No podía creer lo que acababa de leer. Lo repasé una y mil veces, sobre todo las frases que más dolían, esas que me dejaron en estado de shock frente a la computadora. «Tus besos me han salido caros.» «Estoy seguro que me enfermé esa mañana.» «No sé si podré verte el lunes.» Quedé pasmado, pero no lloré. Lo primero que sentí fue rabia, ira, ganas de putearlo por ser tan pelotudo, por jugar con mis ilusiones, por dejarme plantado después del esfuerzo que había hecho para viajar a verlo. Puse «responder» y me descargué.

recién ahora logro conectarme y me encuentro con tus mensajes, me dejaste helado, nunca pensé que serías tan hijo de puta, así que yo te contagié? me parece raro, porque estoy más sano que nunca, cómo es eso de que mis besos te han salido caros? cuando me la mamabas en ese hotelucho del aeropuerto que VOS elegiste no parecías ser tan higiénico ni estar tan pendiente de las alergias, si te enfermás por cualquier cosa como un bebé es porque de joven tomaste tanta coca que las defensas te quedaron por el piso, así que no me echés a mí la culpa de tus enfermedades, ok? y cómo es eso de que no vas a poder verme el lunes? claro, otra invitación y otro arrepentimiento, veo que sos un experto en esas cuestiones, bueno, gracias por cagarme el viaje, y antes de despedirme una última cosa: ANDATE A LA MIERDA.

Sin releer lo que había escrito puse «send», salí de hotmail, pagué y caminé hasta el hotel, con la mirada perdida, el corazón latiendo fuerte y la misma angustia en el pecho que sentí en Lima cuando me dijo que jamás íbamos a poder ser novios.
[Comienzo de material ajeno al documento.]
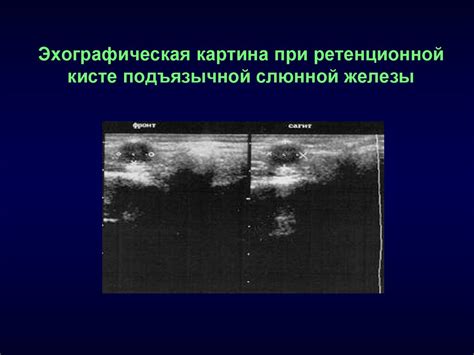 Слюннокаменная болезнь у детей. Ретенционные кисты малых и больших ...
Caía la tarde y las calles de Copán regalaban coloridas postales de artesanos, vendedores ambulantes, puestos de comida al paso y europeos de caras y cuerpos perfectos disfrutando de una cerveza en las mesitas de los bares que se acomodaban en plena vereda. Me hubiera encantado estar de ánimo para formar parte de esa foto, pero me sentía perdido, descolocado. Había borrado a Felipe de mis planes, porque al parecer yo nunca estuve en los suyos, y esa idea me golpeaba fuerte, me resultaba muy reciente para digerirla. Pero al margen del tema amoroso, me preocupaba saber qué pasaría conmigo en los próximos días. Me había gastado gran parte de la poca plata que tenía en los bares y restaurantes de la isla paradisíaca (que yo, como un tarado, pensé que era «all inclusive») y las excursiones resultaron ser más caras de lo que creí. El hecho es que sólo me quedaban trescientos dólares, un pasaje Miami/Buenos Aires para dentro de seis días, y mi estúpida manía de haberme negado a sacar una tarjeta de crédito por odiar los trámites bancarios. Entré en pánico, pensé en soluciones, soluciones prácticas, y mientras tanto me juré sacar a Felipe de mi vida. En realidad, pensé después, el problema no podía ser tan grave: una vez en el aeropuerto de Miami iría al counter de Aerolíneas, pagaría la multa de cien dólares y cambiaría el pasaje. ¿Y si no hay lugar?, me dije. Bueno, me voy al día siguiente, de última duermo en el aeropuerto, qué se yo, o le pido plata a los chicos que viajaron conmigo, aunque apenas los conozco, es un papelón... Divagué durante tres cuadras, angustiado, confundido, odiando y maldiciendo a Felipe, sintiéndome traicionado, abandonado. En el cuarto del hotel me tiré a la cama y sentí ganas de llorar, pero preferí pensar en el escape más rápido, la salida más fácil. Antes de derramar una lágrima, busqué en mi bolso el blíster de Alplax que me había dado mamá para el avión y me tomé dos calmantes de un solo trago. Prendí la tele, puse MTV y esperé a dormirme. Pensé que al día siguiente tendría las cosas más claras.